Villawood mother's punishment continues

November 17, 1993
Issue 

Sarah Stephen

Virginia Leong was subjected to horrifying punishment for her protest on July 14 against the prospect of forced removal from Sydney's Villawood detention centre to the Baxter detention centre in the South Australian desert. Leong, along with another mother and her son, climbed onto a laundry roof and held up a banner for the media and protesters to see.

Green Left Weekly reported in its July 28 issue that Leong had been separated from her two-year-old daughter, Naomi, held overnight in solitary confinement, then classified as having mental problems and taken to Bankstown hospital. The Department of Community Services removed her child to put her into foster care. Hospital staff refused to commit Leong, and after a lot of work by supporters Leong was reunited with her daughter a week later.

When I first spoke with Leong on July 21, she showed me a "management plan" she had agreed to sign that day. The plan involved her moving from the main compound of Stage 2, where all the families are, to Lima compound, which is a small building without a yard designed to house single women in Villawood for short periods of time.

The agreement stated that Leong would be in Lima until July 16. When I visited again on August 4, she told me she was still in Lima. She was not entirely surprised that the agreement had been broken. She said it happens all the time.

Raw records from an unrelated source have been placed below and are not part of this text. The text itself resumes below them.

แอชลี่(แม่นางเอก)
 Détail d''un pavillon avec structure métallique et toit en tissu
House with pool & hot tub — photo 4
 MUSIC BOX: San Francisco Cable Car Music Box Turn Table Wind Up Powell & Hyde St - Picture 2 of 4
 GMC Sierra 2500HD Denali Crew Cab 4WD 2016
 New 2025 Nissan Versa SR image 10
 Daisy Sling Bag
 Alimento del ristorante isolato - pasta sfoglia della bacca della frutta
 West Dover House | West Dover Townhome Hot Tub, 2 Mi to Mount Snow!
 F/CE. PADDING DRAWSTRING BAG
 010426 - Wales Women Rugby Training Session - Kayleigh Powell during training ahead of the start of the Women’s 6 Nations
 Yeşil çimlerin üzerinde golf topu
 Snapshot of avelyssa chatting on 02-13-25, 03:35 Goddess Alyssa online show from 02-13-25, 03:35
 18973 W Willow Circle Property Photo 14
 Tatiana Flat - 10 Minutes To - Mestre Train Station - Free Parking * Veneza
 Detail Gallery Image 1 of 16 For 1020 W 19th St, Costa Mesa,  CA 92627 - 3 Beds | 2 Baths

Being in Lima for a long period of time will take its toll on Virginia and Naomi. They can only come out into the visiting compound if a visitor requests to see them. Most significantly, being in Lima has deprived Leong of the support network of friends and other families in the main compound of Stage 2.

She has been under constant watch by a Global Solutions Ltd (GSL) officer since being in Lima. She told me she could understand this if she was suicidal, but to be constantly watched when there is no suicide risk is just punishment.

Until August 2, she was watched constantly; since then she has been checked on every hour. Leong thinks this is because of a staff shortage. "They followed me everywhere I went, taking notes. They wrote down what I was doing every two minutes. When I was sleeping, they would come right up to the bed and look at me, with their faces really close."

She told me that the hourly checks went all through the night, and some of the guards would slam the door as they left the room, so she woke up every hour.

During that first week in Lima, a GSL manager and a psychologist came to see her and asked "stupid questions". "They asked me, 'What do you want? I said 'I want to go back to Stage 2'. They told me 'That's not the issue'. Then they asked me, 'How do you feel?' I told them: 'Ask the person who's been taking notes every two minutes!' They asked me if I could still look after Naomi, and I got really angry and said 'What are you trying to do? Take her away from me again?' I refused to say anything more after that."

Leong said nothing changed after the visit — she remains under observation in Lima.

The Tongan mother of two who protested on the laundry roof with Leong told me that her son had been prevented from giving a speech at his school during multicultural week, after the school received instructions from the immigration department in Canberra.

As we were sitting in the visitor's area, the two mothers pointed to the new fence being built between the visitors' area and the main compound, which will be of corrugated iron instead of wire mesh. It obscures the view of Stage 2. The Tongan mother told me: "They tried to take families to Baxter, and now they're bringing Baxter to us."

Baxter has been built so that detainees can't see outside and people outside the detention centre can't see in.

Naomi knows nothing of life outside the detention centre's fences; Leong gave birth to her daughter in Liverpool hospital two years ago. Naomi has been separated from her mother twice — once when she was very young, and a second time on July 14.

Some families held in Villawood are asylum seekers, some are not, but all of them suffer the fear, uncertainty and humiliation of detention. This is doubly true for their children. The campaign continues to free all children and their families from detention.

From Green Left Weekly, August 11, 2004.